Stage 2:  Asset Management; What does the company use and where is it?

Knowing what your company uses and where it is located is as important as knowing what you own.  By knowing these facts, groups both within and outside of IT can more effectively budget, plan and allocate resources.  Examples of this include: 1) The data center facilities group can more accurately plan for power expenditures, floor space usage and eventual expansions of the data center environment, if they know what equipment is being used and where it is located;  2) The disaster recovery group can plan their activities more effectively when they know exactly what equipment is being used and what software and applications are running on it;  and lastly 3) By knowing what is running on servers and the percentage of usage, etc.  Equipment can run at a higher usage level and put the purchase or lease of new equipment further into the future.

For larger enterprises, it may be cost effective to hire a company to do a complete physical inventory of its IT assets.  The results of this physical inventory can be analyzed against the information acquired in the contract management activity and then analyzed against the company’s IT department’s system wide device finding software (i.e.
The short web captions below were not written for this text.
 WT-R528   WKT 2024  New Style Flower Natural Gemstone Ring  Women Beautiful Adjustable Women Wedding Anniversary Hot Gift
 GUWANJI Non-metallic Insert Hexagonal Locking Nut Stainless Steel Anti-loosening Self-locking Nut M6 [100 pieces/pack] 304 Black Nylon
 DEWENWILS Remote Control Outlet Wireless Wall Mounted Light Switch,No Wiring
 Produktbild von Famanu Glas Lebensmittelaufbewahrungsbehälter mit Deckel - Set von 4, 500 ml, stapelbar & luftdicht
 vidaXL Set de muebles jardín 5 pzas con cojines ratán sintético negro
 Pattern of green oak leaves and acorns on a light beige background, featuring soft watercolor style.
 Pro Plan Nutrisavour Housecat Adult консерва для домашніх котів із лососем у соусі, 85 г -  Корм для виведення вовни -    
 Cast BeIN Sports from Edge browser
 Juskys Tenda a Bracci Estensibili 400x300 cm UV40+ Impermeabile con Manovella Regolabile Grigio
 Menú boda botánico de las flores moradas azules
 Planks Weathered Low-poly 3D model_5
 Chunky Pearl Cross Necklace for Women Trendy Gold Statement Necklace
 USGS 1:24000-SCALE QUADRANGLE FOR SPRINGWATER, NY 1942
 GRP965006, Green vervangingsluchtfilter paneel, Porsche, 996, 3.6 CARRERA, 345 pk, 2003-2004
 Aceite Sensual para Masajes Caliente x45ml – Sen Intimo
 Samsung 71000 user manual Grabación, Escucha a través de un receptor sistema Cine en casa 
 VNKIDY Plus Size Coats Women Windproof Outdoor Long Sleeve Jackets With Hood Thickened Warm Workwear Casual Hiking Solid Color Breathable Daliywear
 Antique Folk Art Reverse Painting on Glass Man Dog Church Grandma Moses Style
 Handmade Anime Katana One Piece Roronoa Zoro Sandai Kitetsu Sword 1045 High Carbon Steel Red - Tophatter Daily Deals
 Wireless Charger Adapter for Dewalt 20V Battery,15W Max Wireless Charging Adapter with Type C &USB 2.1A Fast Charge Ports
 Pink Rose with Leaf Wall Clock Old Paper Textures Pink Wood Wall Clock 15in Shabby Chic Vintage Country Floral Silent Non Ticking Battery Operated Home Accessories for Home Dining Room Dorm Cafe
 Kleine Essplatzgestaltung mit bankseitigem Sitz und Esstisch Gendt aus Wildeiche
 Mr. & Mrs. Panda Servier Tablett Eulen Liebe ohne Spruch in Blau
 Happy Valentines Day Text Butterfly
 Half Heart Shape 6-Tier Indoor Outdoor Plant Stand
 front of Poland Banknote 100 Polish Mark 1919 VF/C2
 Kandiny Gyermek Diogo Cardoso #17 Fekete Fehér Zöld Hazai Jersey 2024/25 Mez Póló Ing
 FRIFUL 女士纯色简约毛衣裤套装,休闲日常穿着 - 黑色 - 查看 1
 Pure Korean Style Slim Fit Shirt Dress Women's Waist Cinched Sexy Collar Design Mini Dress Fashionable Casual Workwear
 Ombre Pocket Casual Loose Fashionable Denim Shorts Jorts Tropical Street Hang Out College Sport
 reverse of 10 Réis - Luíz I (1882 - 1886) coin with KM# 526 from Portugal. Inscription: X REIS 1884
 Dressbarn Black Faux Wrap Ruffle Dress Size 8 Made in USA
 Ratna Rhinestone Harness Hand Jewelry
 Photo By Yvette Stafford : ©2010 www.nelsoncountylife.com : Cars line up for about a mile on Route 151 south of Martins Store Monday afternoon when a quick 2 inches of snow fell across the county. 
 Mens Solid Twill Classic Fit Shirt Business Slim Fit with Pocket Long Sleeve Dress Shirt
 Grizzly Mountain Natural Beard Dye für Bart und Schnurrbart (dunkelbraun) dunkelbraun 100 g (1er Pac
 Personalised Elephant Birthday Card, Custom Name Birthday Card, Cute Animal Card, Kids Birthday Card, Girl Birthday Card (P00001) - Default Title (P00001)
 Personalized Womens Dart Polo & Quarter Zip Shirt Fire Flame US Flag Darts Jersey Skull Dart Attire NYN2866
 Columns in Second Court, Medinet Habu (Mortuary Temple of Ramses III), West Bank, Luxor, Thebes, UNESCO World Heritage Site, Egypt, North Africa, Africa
Microsoft, HP Open system, and various other vendors).  The asset management team can then work to figure out the differences between the three systems, which should not be more than 15% of the total assets.

On the software side, there are many agent and agent-less products that can be put onto the company’s network to discover what is running on each piece of equipment the software can see.  With the data that is provided, analysis can take place between what is owned and what is being used.  You may find that through many projects over the years you now own, say, 15,000 licenses of a certain software, even though you only have 10,000 employees.  Action can be taken to cancel the annual maintenance on unused licenses and write-off the non-depreciated capital expenditure associated with the purchase of the software.  You may also find that you are under-licensed on certain software applications, so be prepared to have some expenditure offset the overall savings that will occur.

Stage 3:  Vendor Management; Are vendor promises being kept?

This portion of lifecycle management is the most subjective.  Measuring if a vendor is truly providing what they say they are is complicated.  Metrics and Key Performance Indicators (KPIs) need to be developed for each obligation each vendor has signed up for.

Example:  If a PC vendor makes the claim that your company will get 20% longer life from their product, as opposed to its competitor’s product, metrics and KPIs need to be developed so that the results can be reported on either monthly or quarterly.

Hopefully your analytics came to the conclusion that your vendor is living up to the agreement it signed, which is usually the case.  If the vendor is not living up to it obligations, there could be many reasons.  These reasons include:  1) scope of work was not completely known at time of signing, meaning that failure to live up to its obligations are partially the fault of the customer, and just as likely 2) the vendor made claims it could not live up to, just to get business .

There are many ways to report vendor management information.  I have found that the most effective way is a simple dashboard, a quartered one-page report that shows all pertinent financial, contractual, usage and service information.  Once approved by corporate powers, a scheduled meeting takes place and the findings are presented to the vendor.  If vendor is living up to contractual agreements, future strategy or other topics may be discussed.  If the vendor is not providing its obligations, a discussion of why will definitely occur, followed by ways in which improvement can be made.  This is not necessarily a bad conversation, new understanding of the relationship will definitely take place and the corporate relationship will become stronger though the process, as long as positive results ensue.


The steps listed above need to be tied together, resulting in an interface which brings all the information to a usable form. This is crucial.  Once this happens, the magic starts: managers are able to make informed decisions, leased equipment is returned on time (instead of having its monthly payment made for years on end) and overall, IT costs are minimized.  The company only pays for what it is using and at the end of the day, controlling costs while providing needed services, is the name of the game.